Select columns, rename, filter out CaseReasons, them sample the data.

In [None]:
from pyspark.sql.functions import col

# Causes of Action to filter and sample
causes_of_action = {
    "盗窃": "theft",
    "交通肇事": "traffic_accidents",
    "毒品": "drug_related",
    "诈骗": "fraud"
}

sample_fraction = 0.0006 

import re

for folder in folder_names:
    csv_files = list_csv_files(folder)
    for file_path in csv_files:
        # Read the CSV file into a DataFrame
        df = spark.read.csv(file_path, header=True, inferSchema=True)
        
        # Select and rename the relevant columns
        df_selected_and_renamed = df.select([col(c).alias(column_mapping[c]) for c in column_mapping.keys()])
        
        # Filter to include only cases that are 刑事一审 in CaseType
        df_criminal_cases = df_selected_and_renamed.filter(col("CaseType").contains("刑事"))
        df_criminal_cases_first_trail = df_criminal_cases.filter(col("TrialProcedure").contains("一审"))
        
        # Loop through each cause of action, filter, sample, and process/save
        for cause, output_suffix in causes_of_action.items():
            df_filtered = df_criminal_cases.filter(col("CausesofAction").contains(cause))
            sampled_df = df_filtered.sample(fraction=sample_fraction)  # Sample the filtered DataFrame

            # Extract year and month from file_path
            match = re.search(r'(\d{4})_(\d{2})_judgment\.csv', file_path)
            if match:
                year = match.group(1)  # '2013'
                month = match.group(2)  # '01'
            else:
                raise ValueError(f"Month pattern not found in the file path: {file_path}")

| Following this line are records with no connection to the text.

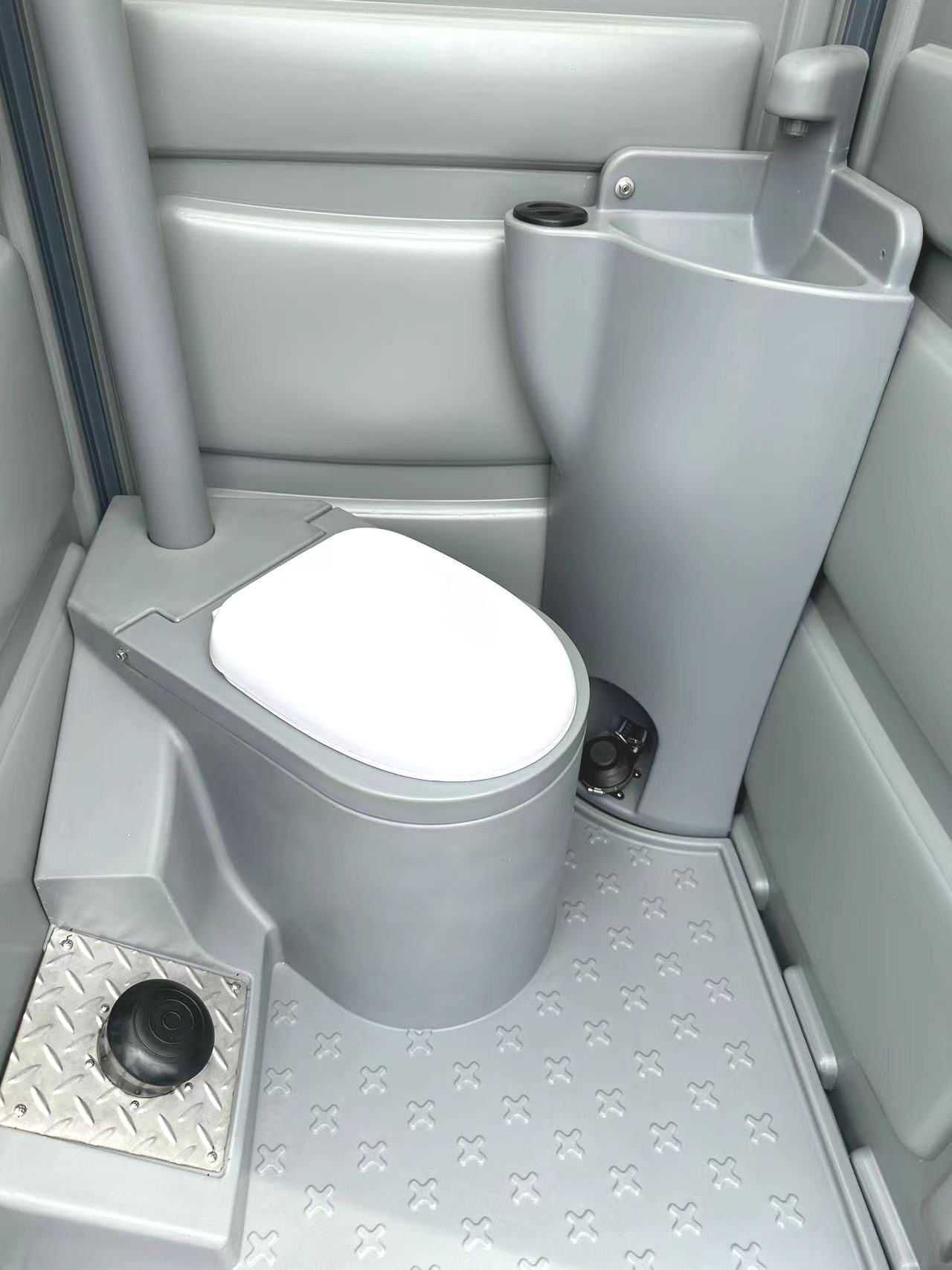 New design prefabricated plastic portable toilet emergency temporary mobile toilet for selling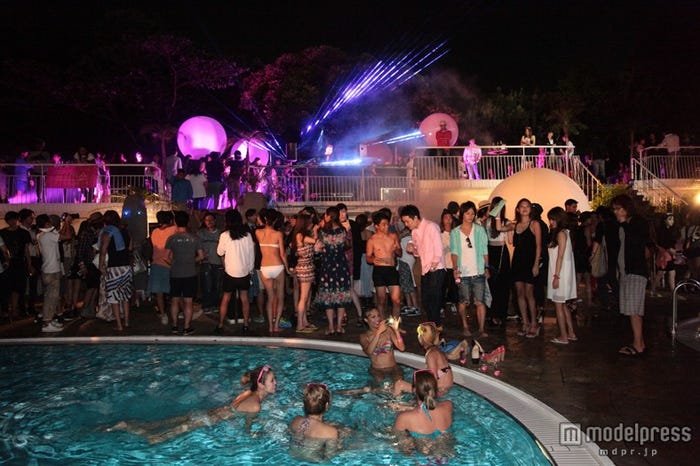 ラグジュアリーな雰囲気たっぷり/「TGC 2013 A/W AFTER PARTY TGC Night Pool Party」(C)TGC Night Pool Party 2013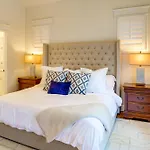 Walk To 12 South Getaway With Outdoor Dining!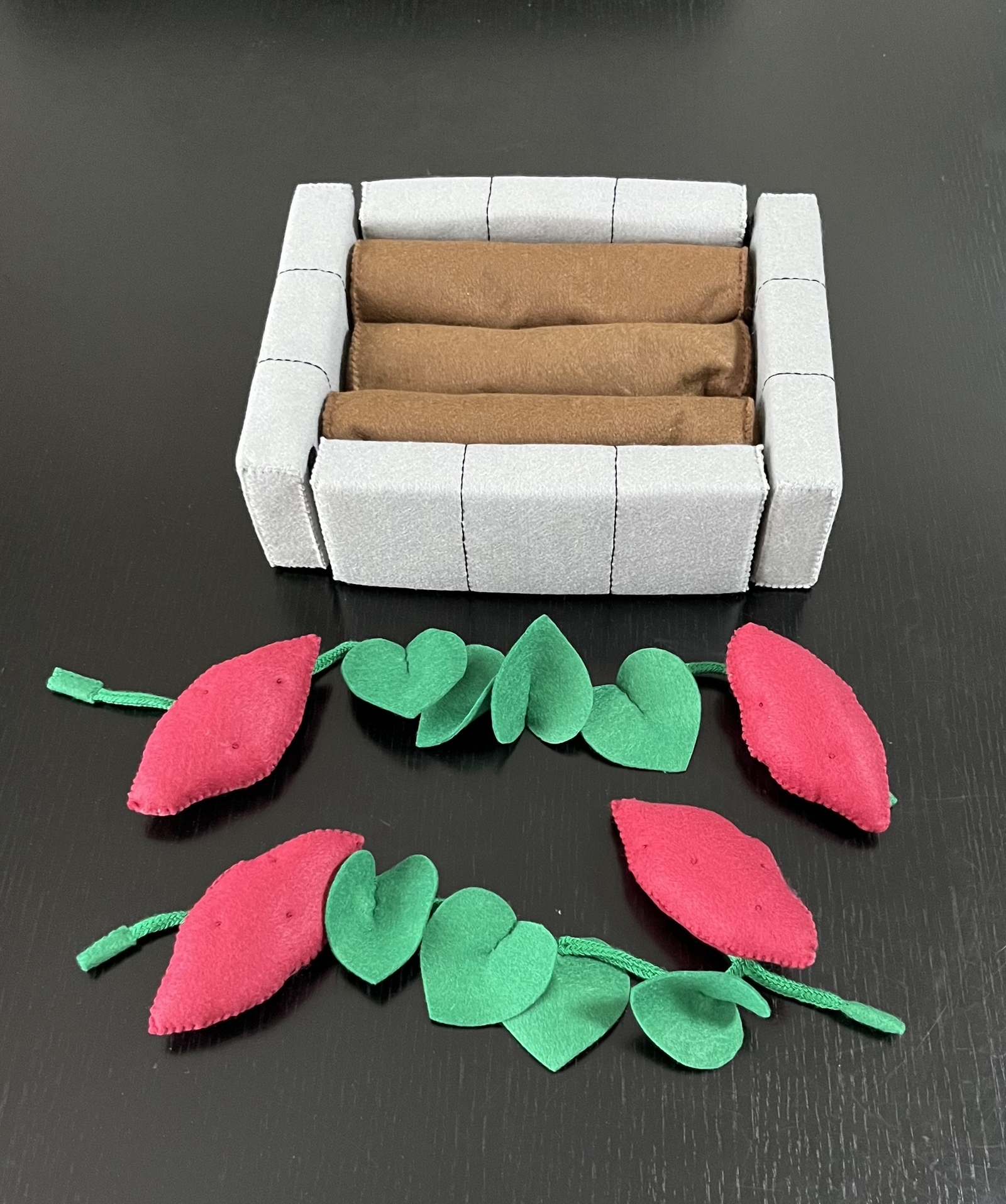 autumnꕤ⋆.秋作品!!＼さつまいも／お芋掘り!!羊毛フェルト 受注製作】なりきり焼き芋のまゆ柴犬(赤柴・黒柴・白柴）羊毛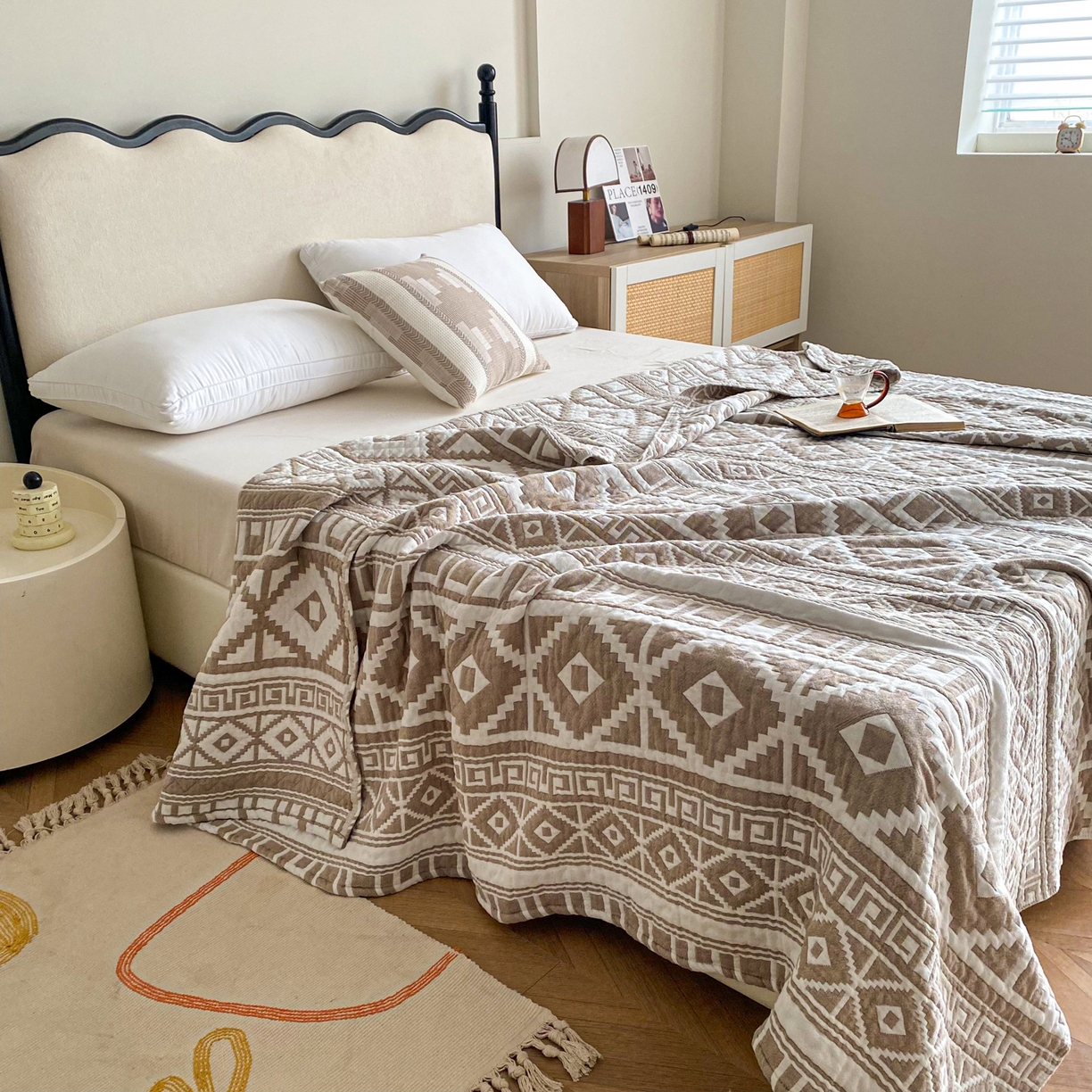 91家纺网 家纺一手货源 找家纺 卡奥家纺 2026新款水洗全棉纯棉四层纱盖毯毛巾被夏凉被夏被空调被-图腾系列 图腾-咖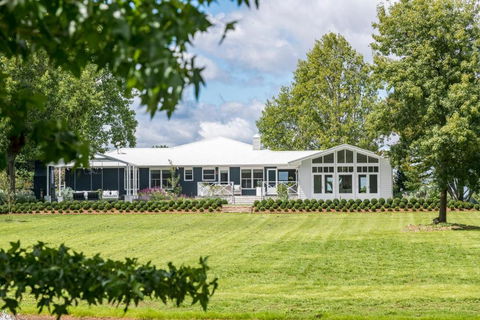 Isca House, Exeter, NSW - Tourism Bookings 0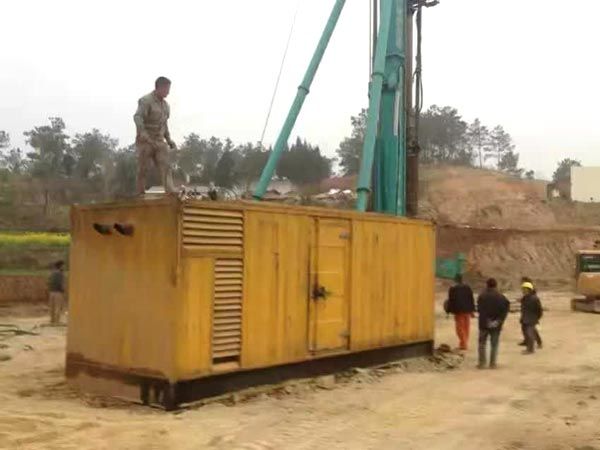 金牛如何判断水冷式机油散热器密封件是否需要更换？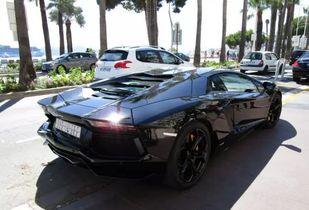 黑色车国产街拍视频,街头实拍，尽享国产豪车魅力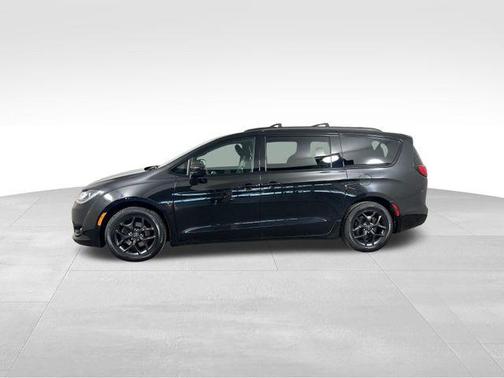 2018 Chrysler Pacifica Touring-L
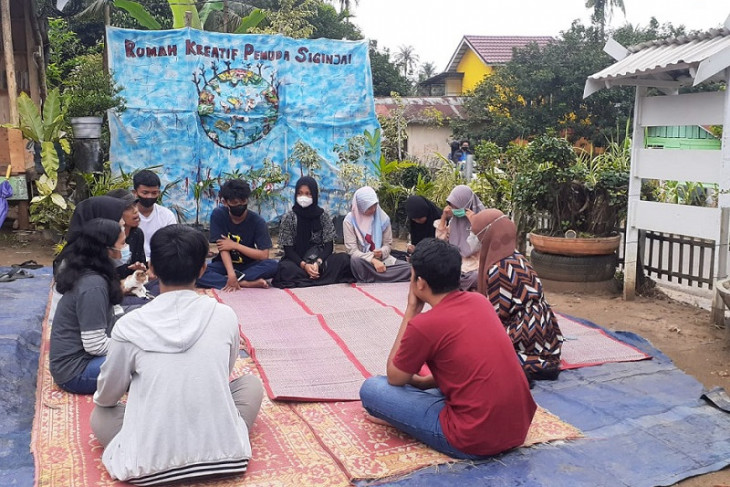 Kolaborasi World Cleanup Day Jambi bersama Rumah Kreatif Pemuda Siginjai ciptakan masyarakat peduli lingkungan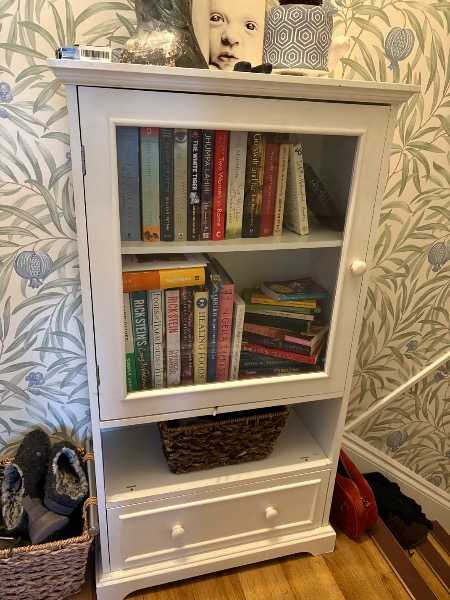 White cabinet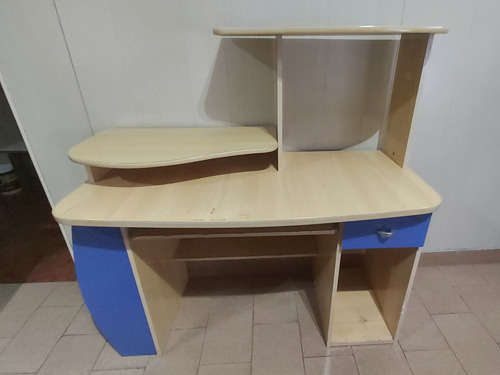 Mueble Escritorio De Pc Con Estantes Y Cajón Madera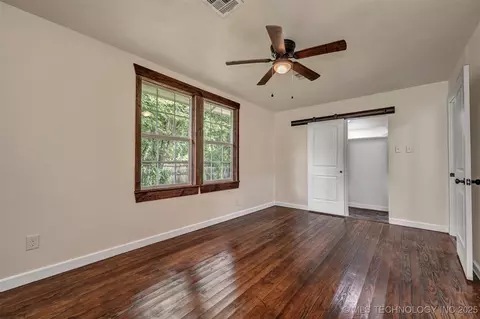 211 N 3rd St, Davis, OK 73030 photo 23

            saved_file_name = f"{year}_{month}_{output_suffix}_judgment_data"
            
            # Define the full path for saving the DataFrame
            full_path = f"/mnt/processed_data_criminal_case_analysis/finetuning_training_data/{output_suffix}/{saved_file_name}"
            
            # Save the DataFrame
            sampled_df.coalesce(1).write.mode("overwrite").option("header", "true").csv(full_path)
            



# how many 一审刑事案件 are there after sampling?

In [None]:
from pyspark.sql import SparkSession
from pyspark.sql.functions import lit

# Initialize Spark session
spark = SparkSession.builder.appName("CountCases").getOrCreate()

# Base path where the data is saved
base_path = "/mnt/processed_data_criminal_case_analysis"

# Causes of Action to filter and sample
causes_of_action = {
    "盗窃": "theft",
    "交通肇事": "traffic_accidents",
    "毒品": "drug_related",
    "诈骗": "fraud"
}

# Dictionary to hold the count of cases for each cause of action
cases_count = {}

# Iterate over each cause of action to read the saved DataFrames and count the cases
for cause, output_suffix in causes_of_action.items():
    # Construct the path to read the saved files for the current cause of action
    path = f"/mnt/processed_data_criminal_case_analysis/finetuning_training_data/{output_suffix}/*/*.csv"
    
    # Read the saved data
    df = spark.read.csv(path, header=True, inferSchema=True)
    
    # Count the number of cases for the current cause of action
    count = df.count()
    
    # Store the count in the dictionary
    cases_count[cause] = count

# Print the counts for each cause of action
for cause, count in cases_count.items():
    print(f"{cause}案件数: {count}")


# save the output into one csv for data labeling

In [None]:
from pyspark.sql import SparkSession

# Initialize Spark session
spark = SparkSession.builder.appName("AggregateCases").getOrCreate()

# Base path for reading and saving data
read_base_path = "/mnt/processed_data_criminal_case_analysis/finetuning_training_data"
save_base_path = "/mnt/processed_data_criminal_case_analysis/finetuning_training_data/aggregated_data"

# Causes of Action to filter and sample
causes_of_action = {
    "盗窃": "theft",
    "交通肇事": "traffic_accidents",
    "毒品": "drug_related",
    "诈骗": "fraud"
}

# Iterate over each cause of action to read the saved DataFrames, combine them, and write back to a single CSV
for cause, output_suffix in causes_of_action.items():
    # Construct the path to read the saved files for the current cause of action
    read_path = f"{read_base_path}/{output_suffix}/*/*.csv"
    
    # Read the saved data
    df = spark.read.csv(read_path, header=True, inferSchema=True)
    
    # Define the path for saving the combined CSV
    save_path = f"{save_base_path}/{output_suffix}.csv"
    
    # Save the combined data to a single CSV file
    df.coalesce(1).write.mode("overwrite").option("header", "true").csv(save_path)